[Start of Attachment]
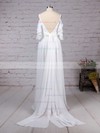 Chiffon V-neck A-line Sweep Train Sashes / Ribbons Wedding Dresses #LDB00023303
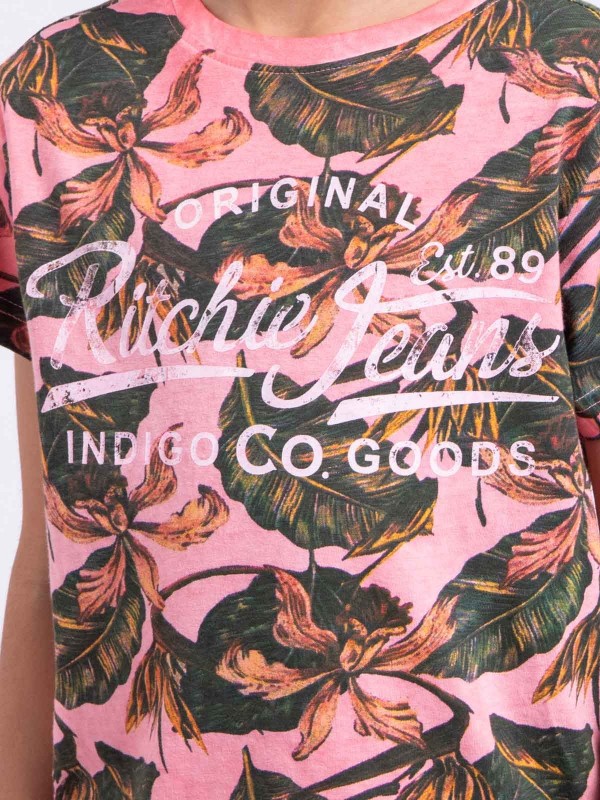 T-shirt manches courtes col...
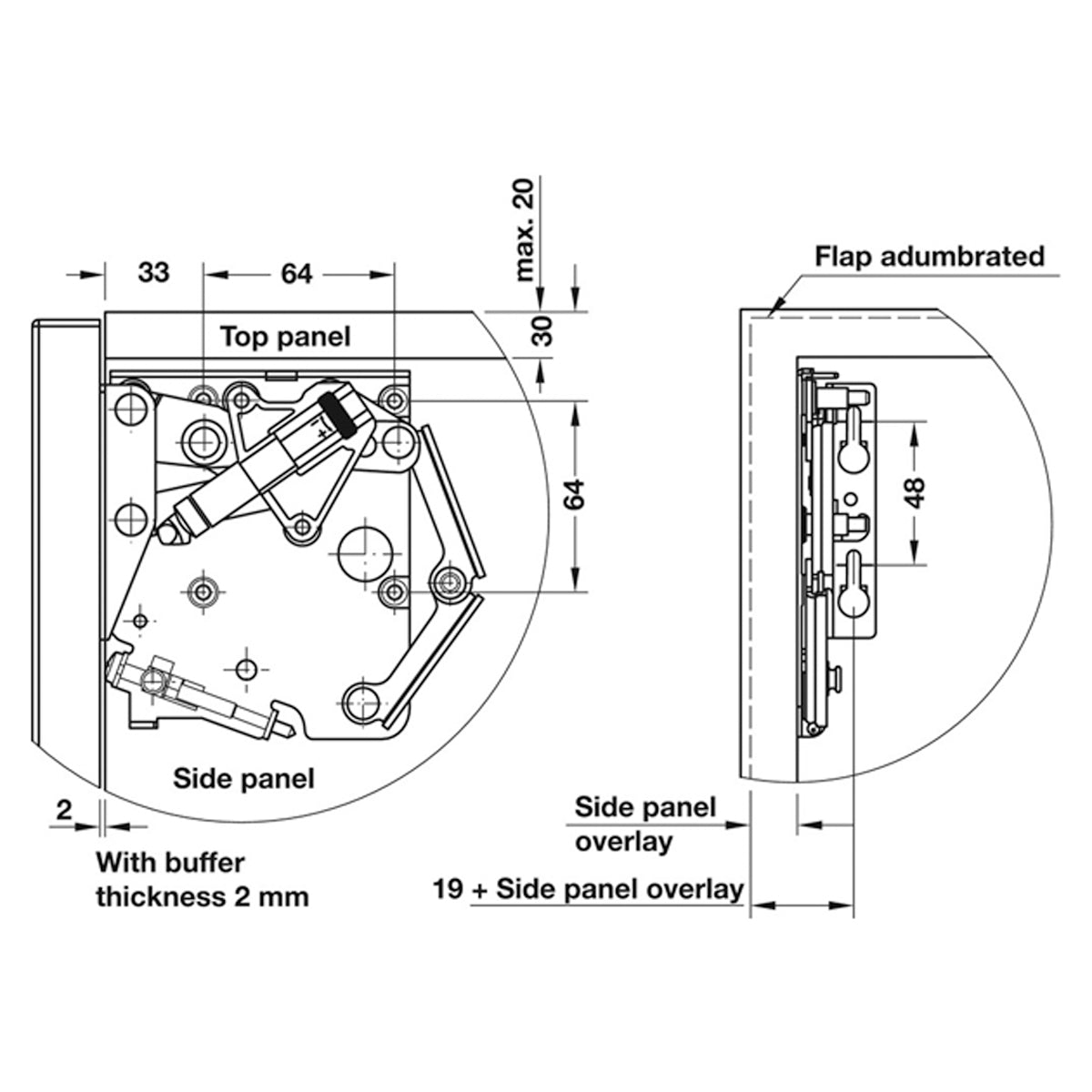 KINVARO T-65 FLAP FITTING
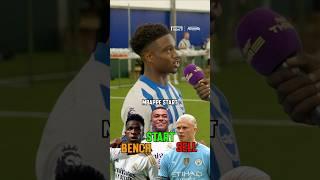 Mbappe, Vini Jr, Haaland: START, BENCH, SELL  #shorts #football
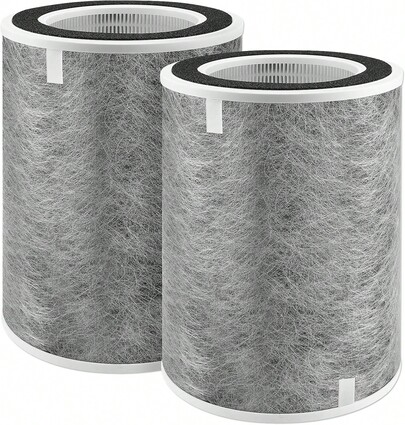 2 Pack Premium Replacement Filters For Air Purifier, Compatible With Shark HP200 Series, HE2FKBAS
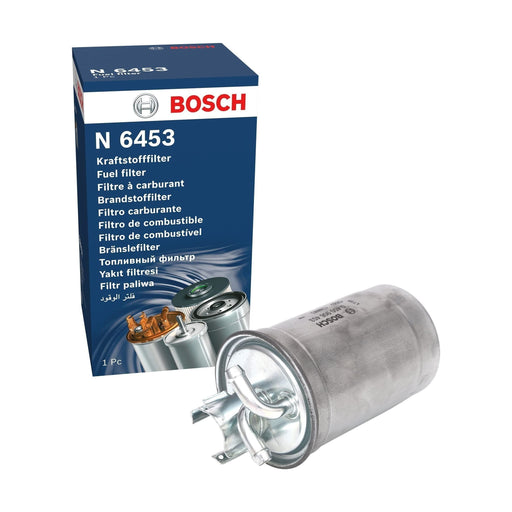 Genuine Bosch Car Fuel Filter N6453 Fits Audi A2 Tdi - 1.4 - 00-05 0450906453 Bosch  - Town Parts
[End of Attachment]
_TASK TO COMPLETE_. All that is wanted is an exact copy of the lines from the line bearing "Mbappe, Vini Jr, Haaland: START, BENCH, SELL" through the final line of the entries, including both ends but no pictures.

_EXERCISE SOLUTION_.
 Mbappe, Vini Jr, Haaland: START, BENCH, SELL  #shorts #football
 2 Pack Premium Replacement Filters For Air Purifier, Compatible With Shark HP200 Series, HE2FKBAS
 Genuine Bosch Car Fuel Filter N6453 Fits Audi A2 Tdi - 1.4 - 00-05 0450906453 Bosch  - Town Parts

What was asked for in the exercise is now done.